Raw data »
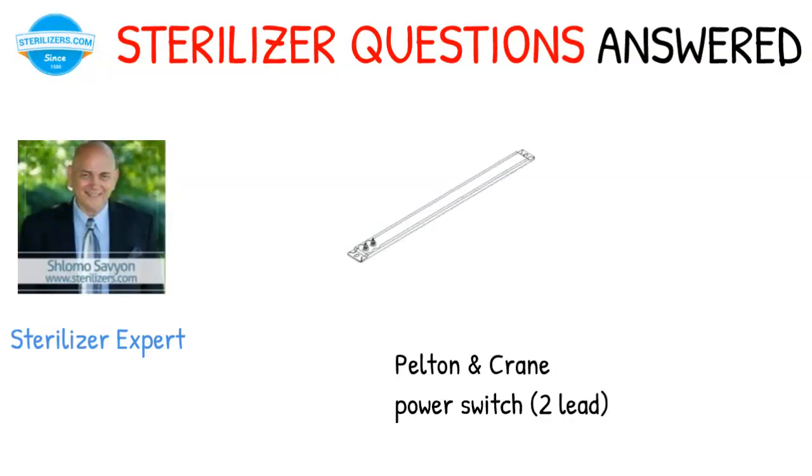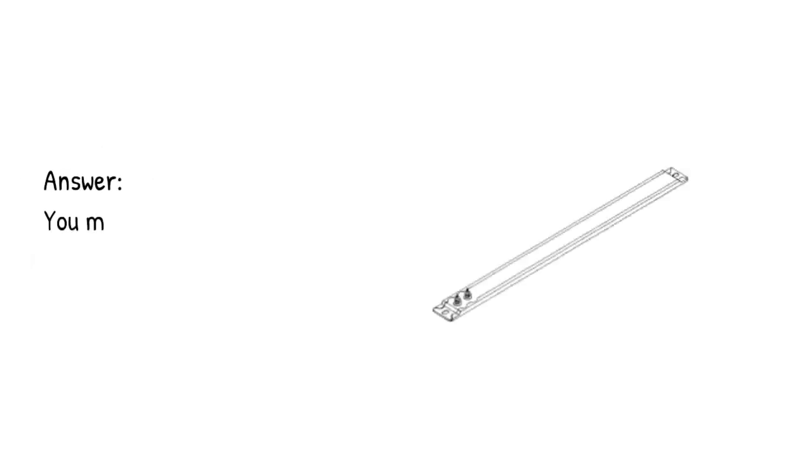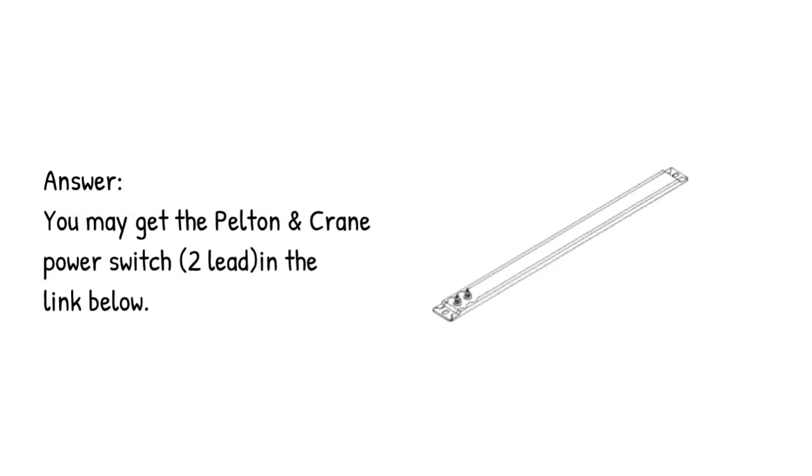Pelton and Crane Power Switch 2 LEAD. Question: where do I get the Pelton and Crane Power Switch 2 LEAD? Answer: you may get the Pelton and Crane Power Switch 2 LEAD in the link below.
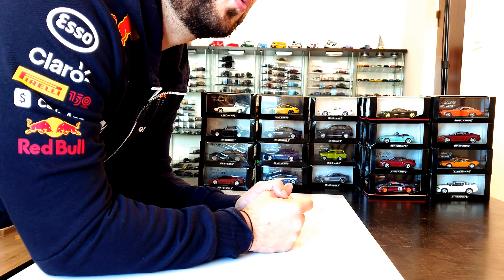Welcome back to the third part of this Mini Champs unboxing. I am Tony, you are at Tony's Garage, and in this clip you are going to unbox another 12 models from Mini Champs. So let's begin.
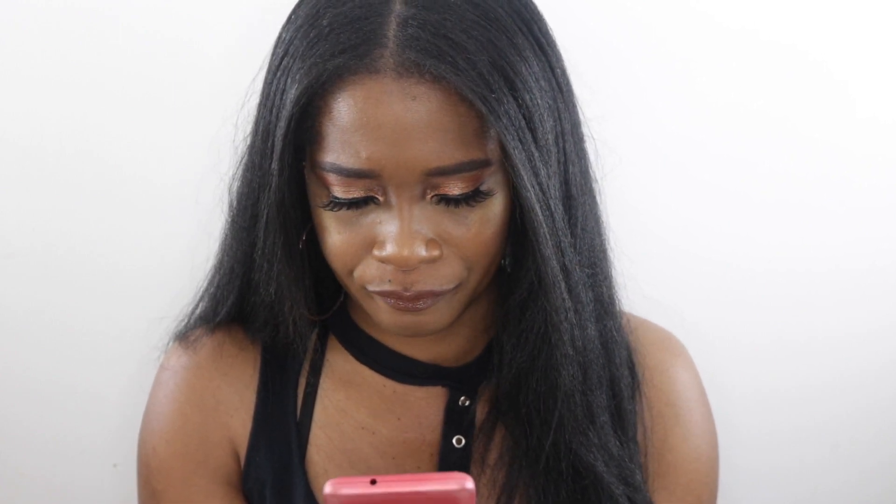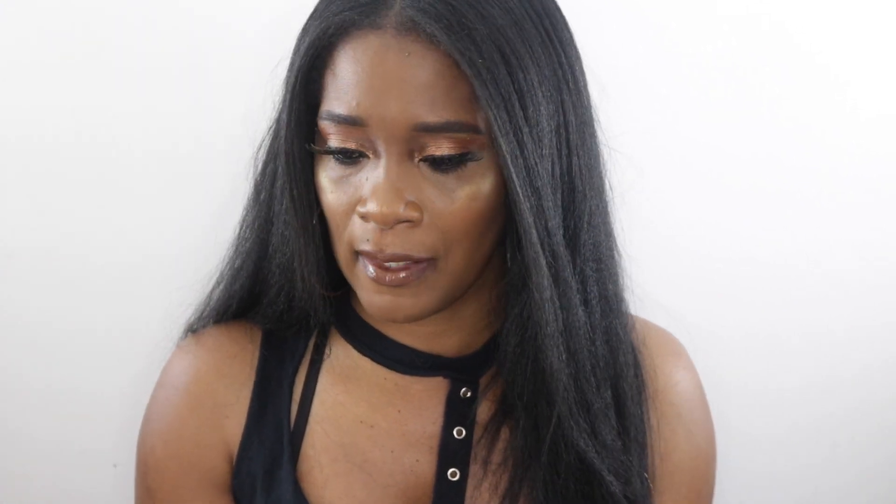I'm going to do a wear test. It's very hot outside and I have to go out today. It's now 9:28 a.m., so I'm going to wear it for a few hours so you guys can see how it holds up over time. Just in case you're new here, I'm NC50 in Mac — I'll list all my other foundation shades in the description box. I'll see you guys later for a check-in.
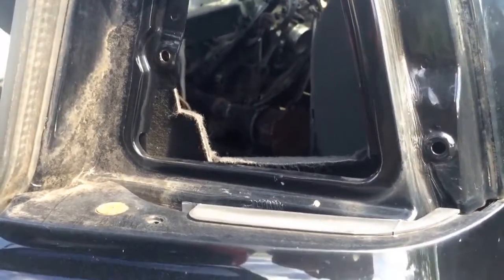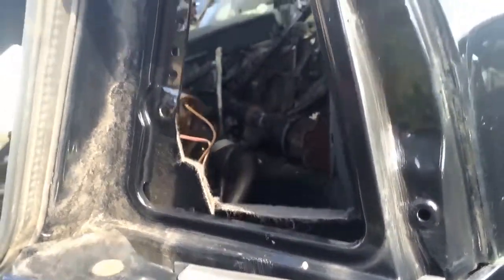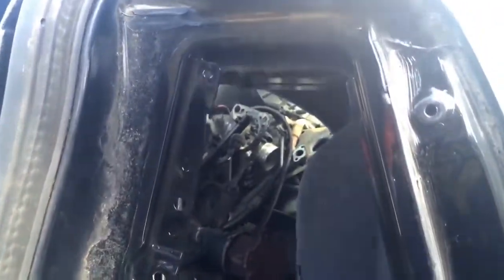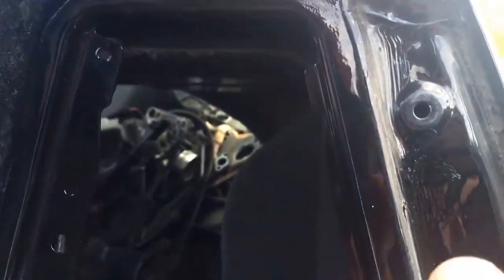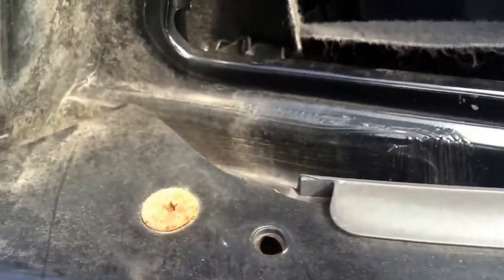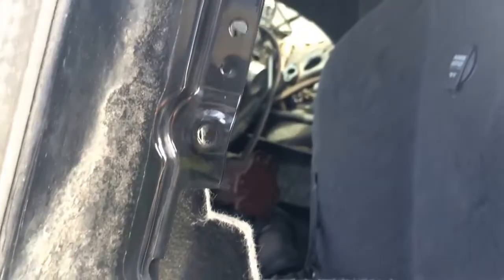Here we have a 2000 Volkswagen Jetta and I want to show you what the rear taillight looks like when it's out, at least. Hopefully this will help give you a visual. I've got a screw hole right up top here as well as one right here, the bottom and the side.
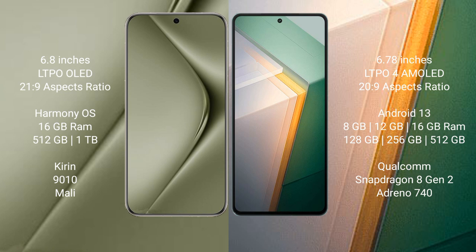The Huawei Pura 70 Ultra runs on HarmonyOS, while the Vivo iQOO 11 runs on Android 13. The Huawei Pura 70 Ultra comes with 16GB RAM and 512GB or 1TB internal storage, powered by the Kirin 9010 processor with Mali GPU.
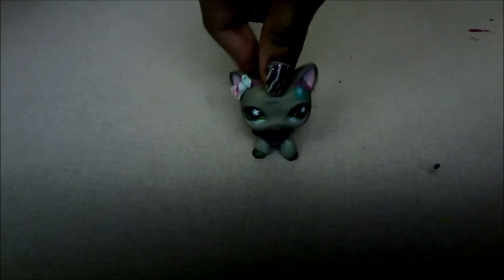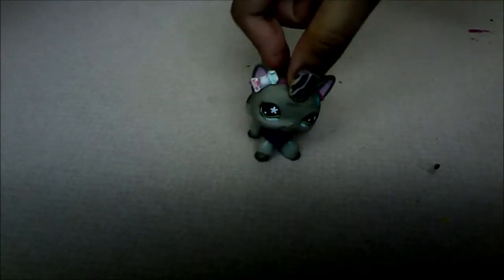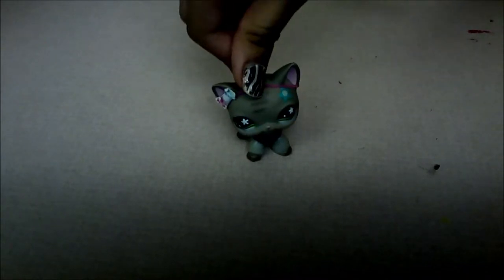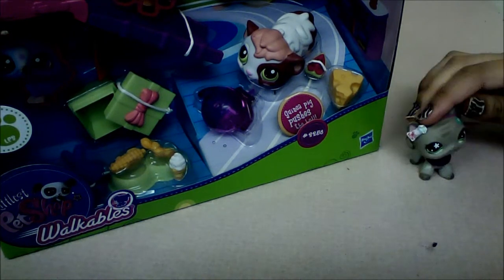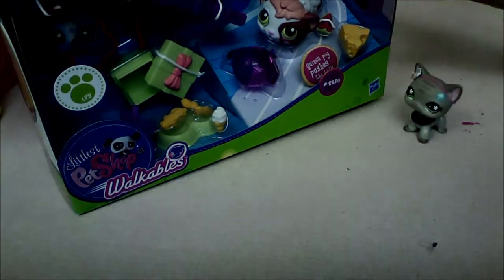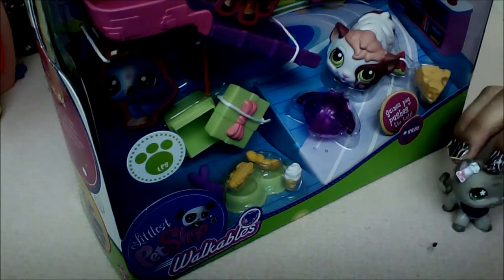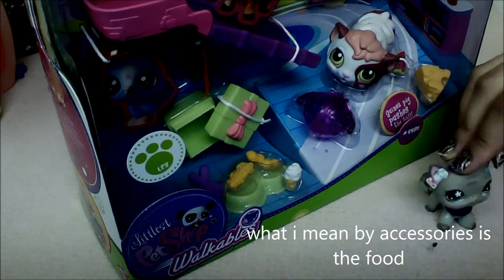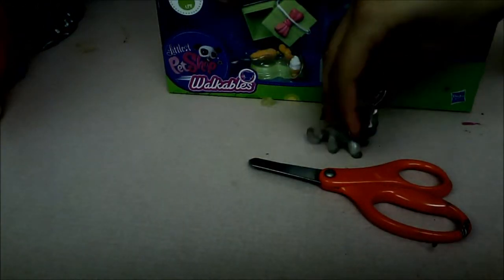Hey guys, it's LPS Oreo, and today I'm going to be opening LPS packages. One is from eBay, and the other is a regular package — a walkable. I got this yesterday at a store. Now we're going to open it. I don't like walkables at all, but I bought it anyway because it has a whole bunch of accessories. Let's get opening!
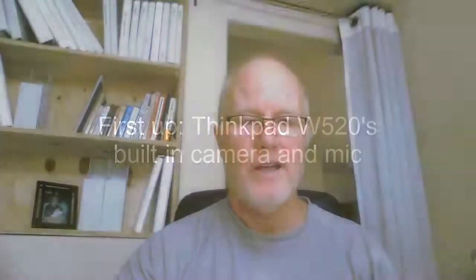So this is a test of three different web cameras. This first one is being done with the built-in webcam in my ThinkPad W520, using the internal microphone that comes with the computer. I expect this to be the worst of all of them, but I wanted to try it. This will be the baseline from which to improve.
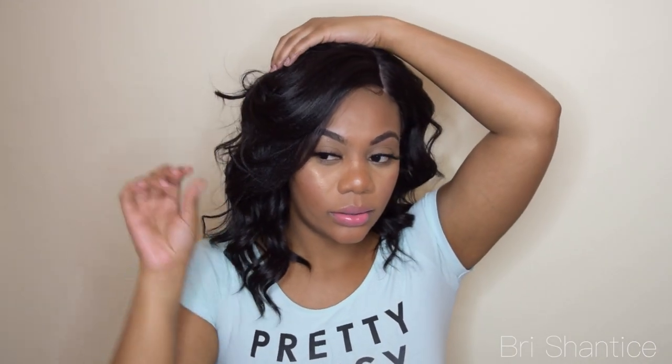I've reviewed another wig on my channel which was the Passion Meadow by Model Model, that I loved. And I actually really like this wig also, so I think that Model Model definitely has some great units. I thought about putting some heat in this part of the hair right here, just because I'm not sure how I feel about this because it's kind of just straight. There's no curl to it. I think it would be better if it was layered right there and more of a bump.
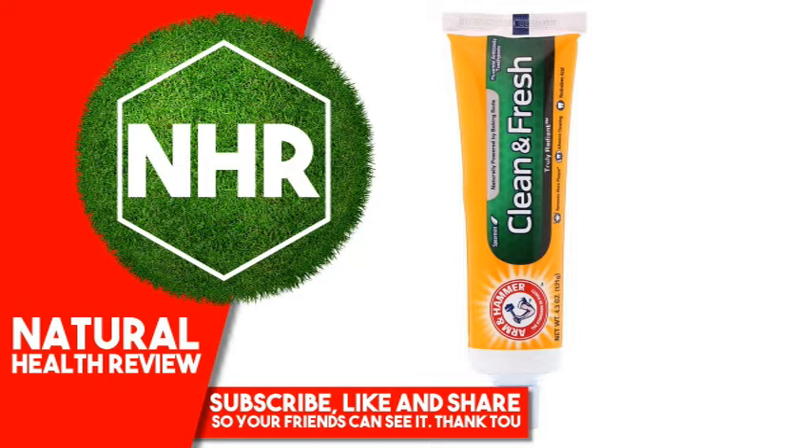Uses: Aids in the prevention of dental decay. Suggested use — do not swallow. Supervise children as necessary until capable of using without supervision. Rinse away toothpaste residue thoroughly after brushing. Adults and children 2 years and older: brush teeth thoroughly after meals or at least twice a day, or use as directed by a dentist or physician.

Activity »
Going by the data above, the answer is exactly the lines from the one holding "Hey guys, it's" to the one holding "I've reviewed another", both kept, with the pictures left out.

Answer space »
Hey guys, it's LPS Oreo, and today I'm going to be opening LPS packages. One is from eBay, and the other is a regular package — a walkable. I got this yesterday at a store. Now we're going to open it. I don't like walkables at all, but I bought it anyway because it has a whole bunch of accessories. Let's get opening!
So this is a test of three different web cameras. This first one is being done with the built-in webcam in my ThinkPad W520, using the internal microphone that comes with the computer. I expect this to be the worst of all of them, but I wanted to try it. This will be the baseline from which to improve.
I've reviewed another wig on my channel which was the Passion Meadow by Model Model, that I loved. And I actually really like this wig also, so I think that Model Model definitely has some great units. I thought about putting some heat in this part of the hair right here, just because I'm not sure how I feel about this because it's kind of just straight. There's no curl to it. I think it would be better if it was layered right there and more of a bump.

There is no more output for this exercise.